Eric Draper of Audubon Florida told a television audience this weekend that legislators are showing they are “out of sync” with voters who supported Amendment 1.
Seventy-five percent of voters in November approved the funding initiative that would provide an estimated $742 million for water and land conservation in the 2015-16 state budget.
Environmental groups contend the House and Senate have ignored voters’ intent in their spending plans. The House approved perhaps $10 million for land acquisition although House leaders say it’s more. The Senate voted last week to boost spending on land buying from $2 million to $37 million.
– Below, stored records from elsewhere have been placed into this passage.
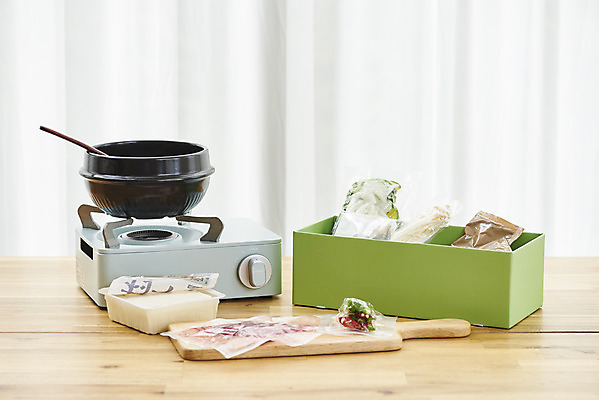 포토 한식 채소 식재료 호박 도마 육류 내부 목재 쇼핑 양념 찌개 온라인쇼핑 온라인 파일형식 준비 나무도마 버너 애호박 버섯 차돌박이 음식 된장 된장찌개 포장 고추 뚝배기 실내 두부 요리 주방 JPG 사람없음 밀키트 모바일쇼핑 모바일 국내포토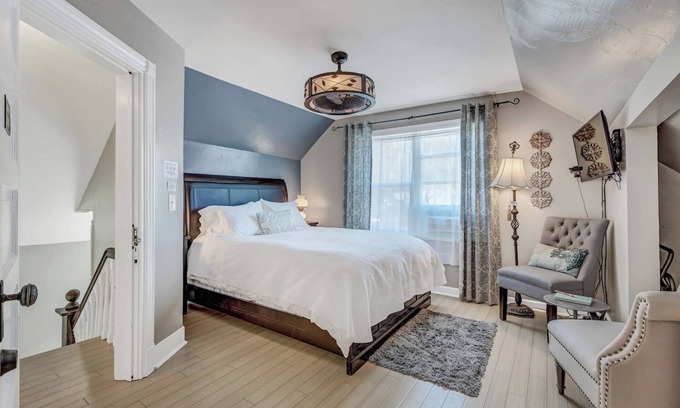 Glenwood Springs Casa | Gorgeous Suite at the Downtown Floradora House
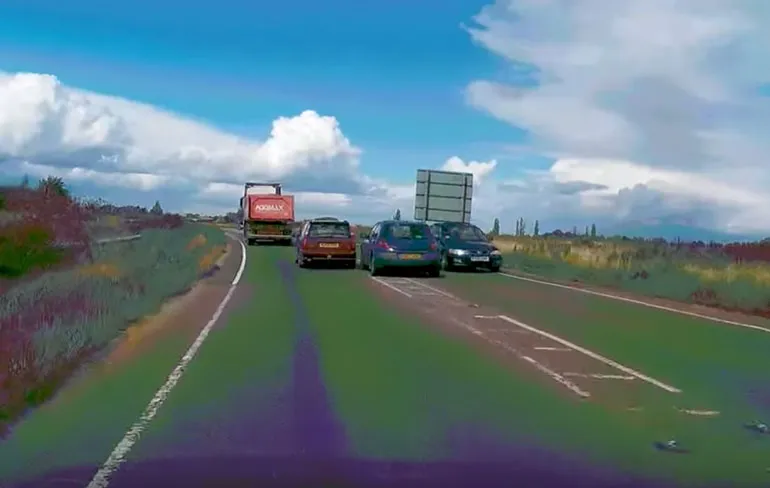 Roekeloos rijgedrag van een Renault Megane rijder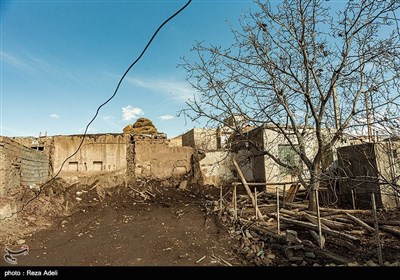 روستای ورنکش میانه یک ماه پس از زلزله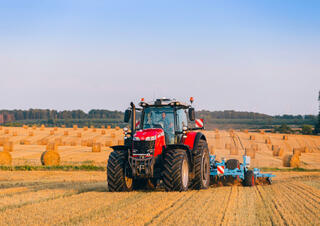 4WD traktori Massey Ferguson MF 8737 S 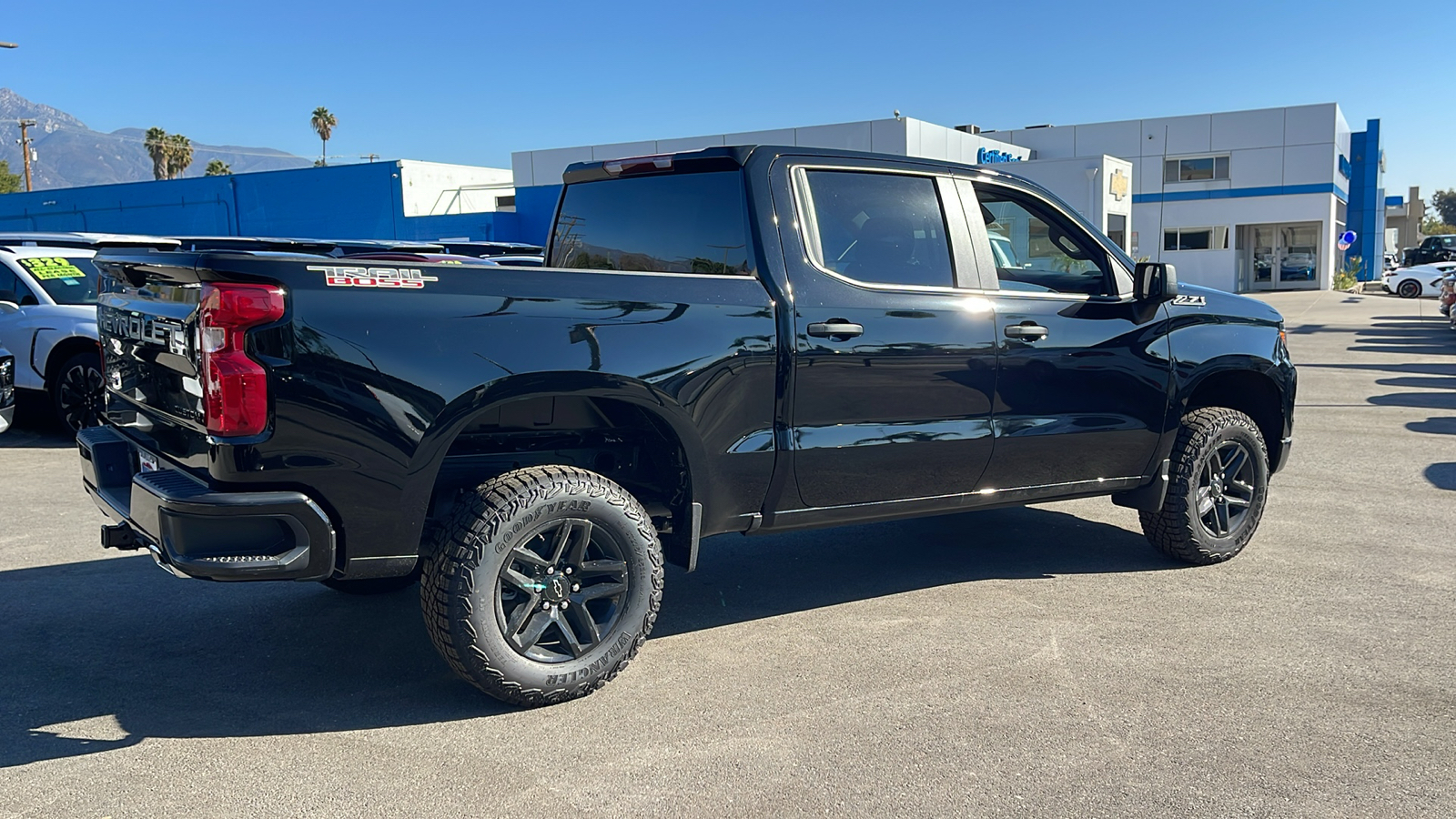 2025 Chevrolet Silverado 1500 Custom Trail Boss 3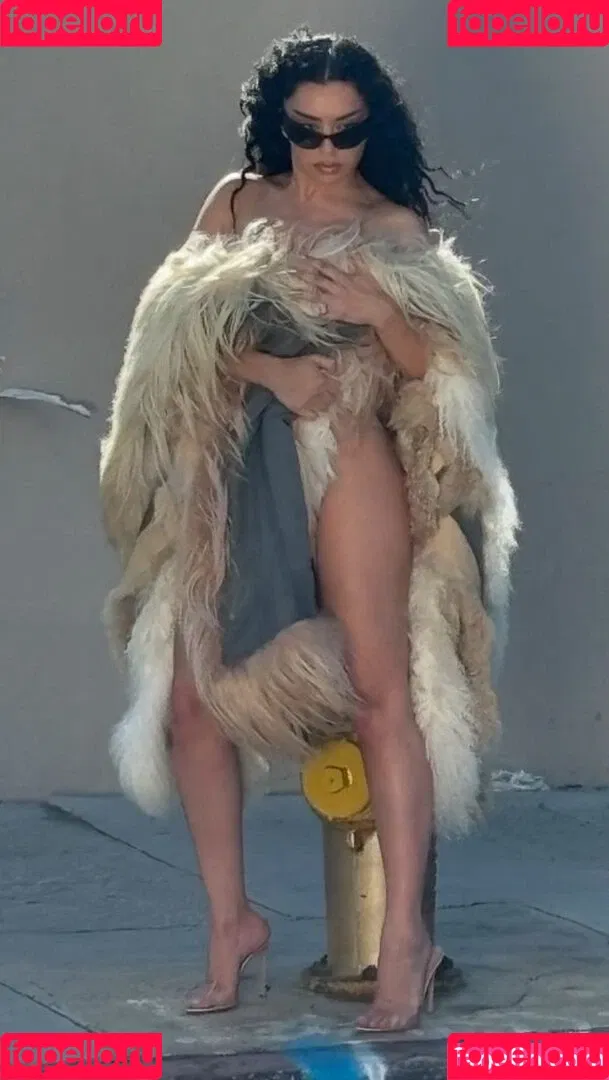 Charli XCX / charli_xcx / charlignarly Onlyfans Photo Gallery 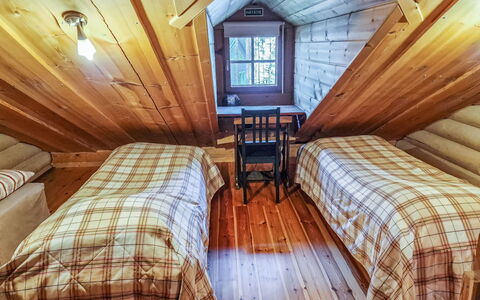 Pyöröpirtti: Cama, Mueble, Habitación, Diseño De Interiores, Lecho, Sábana, Piso, Madera, Suelo, Habitación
Appearing on “The Usual Suspects” recorded in Tallahassee, Draper praised the Florida Forever state land-buying program as scientific process for determining land that should be bought. He said, though, that legislators have “started substituting their own judgment” for that process in recent years.
“For example there is a bill in the State Affairs Committee that would actually start giving the (state) land away, giving it to adjacent farmers,” Draper said. “Those are the sorts of things that seem very out of sync with where the voters are, with the voters who voted 75 percent” for Amendment 1.
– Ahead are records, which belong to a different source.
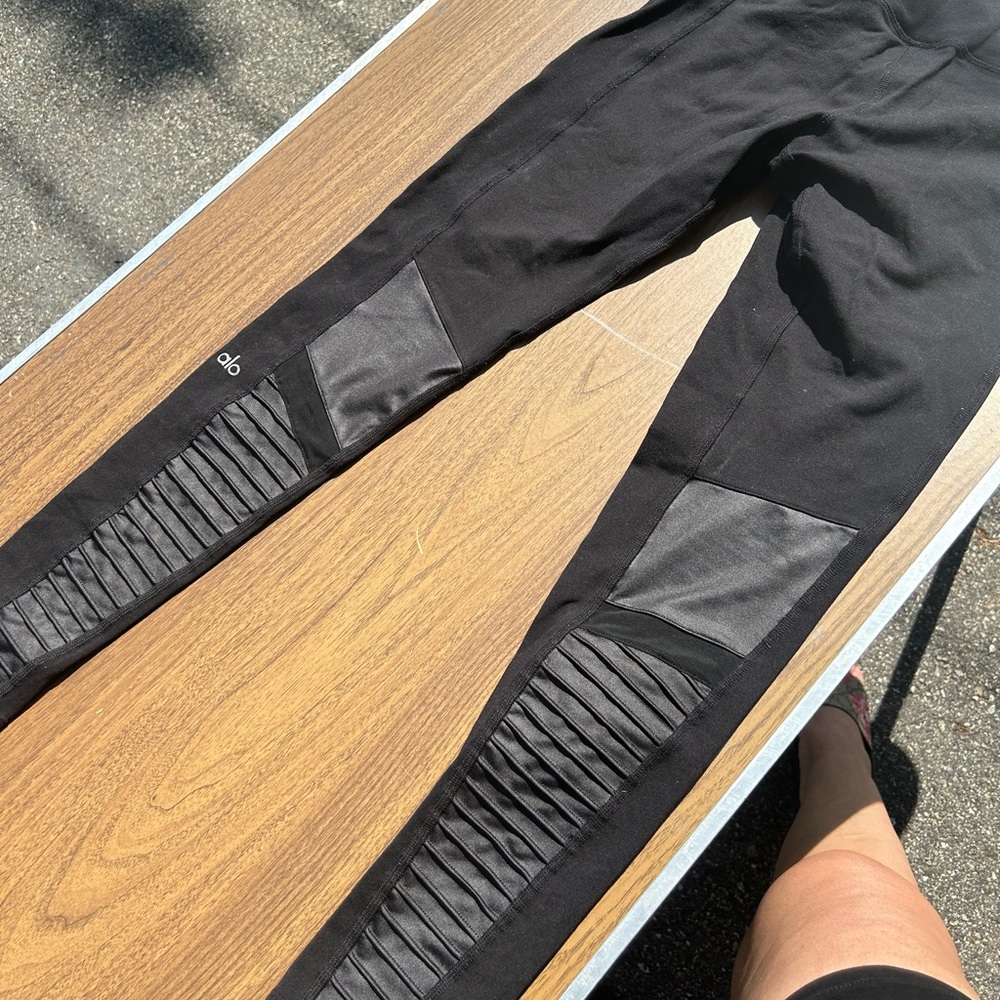 Alo high waist satin panel legging
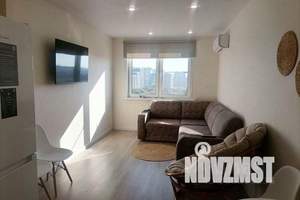 1-к квартира, посуточно, 42м2, 13/25 этаж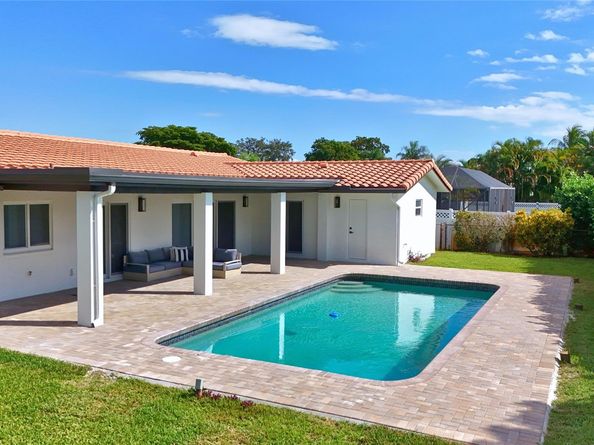 1082 NW 83rd Drive, Coral Springs FL 33071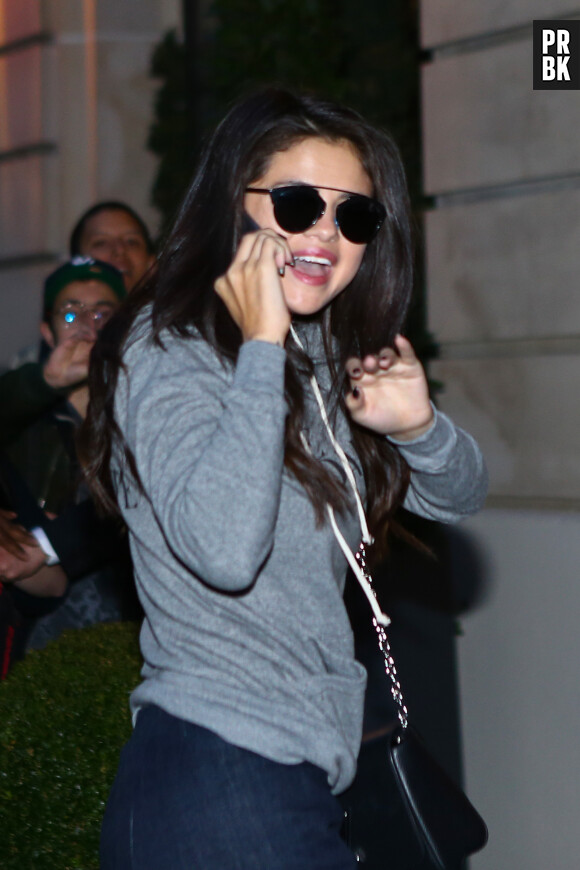 Selena Gomez souriante après la mini émeute Gare du Nord, le 25 septembre 2015 à Paris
Draper was referring to HB 7135, filed by the House State Affairs Committee on March 26, which would allow the Cabinet to give state land to adjacent landowners who agree to conserve both properties. Rep. Matt Caldwell, a Republican from North Fort Myers who is committee chairman, argued the state could end up conserving land without having to spend money.
Draper appeared on the show with Eric Eikenberg, CEO of the Everglades Foundation, with show hosts Gary Yordon and Steven J. Vancore.
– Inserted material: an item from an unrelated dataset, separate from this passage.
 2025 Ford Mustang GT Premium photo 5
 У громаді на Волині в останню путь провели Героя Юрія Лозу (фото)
House Speaker Steve Crisafulli, a Republican from Merritt Island, has said the state must better manage the land it has before it buys more. Draper called that a “false claim” and an “excuse” to not buy land.
“The Legislature made the decision not to take care of the land,” Draper said. “Now they are using that as an excuse.”
Both Draper and Eikenberg promoted the idea of buying a portion of the 46,000 acres of U.S. Sugar Corp. land south of Lake Okeechobee for a water storage and treatment reservoir. Gov. Rick Scott and Crisafulli have expressed reluctance at exercising a state option to buy the land before an October deadline and U.S. Sugar has expressed a reluctance to sell.
“We do that and we can also afford to expand our park system and protect our water supply,” Draper said.
“These (Amendment 1) dollars get us a long way toward that,” Eikenberg added.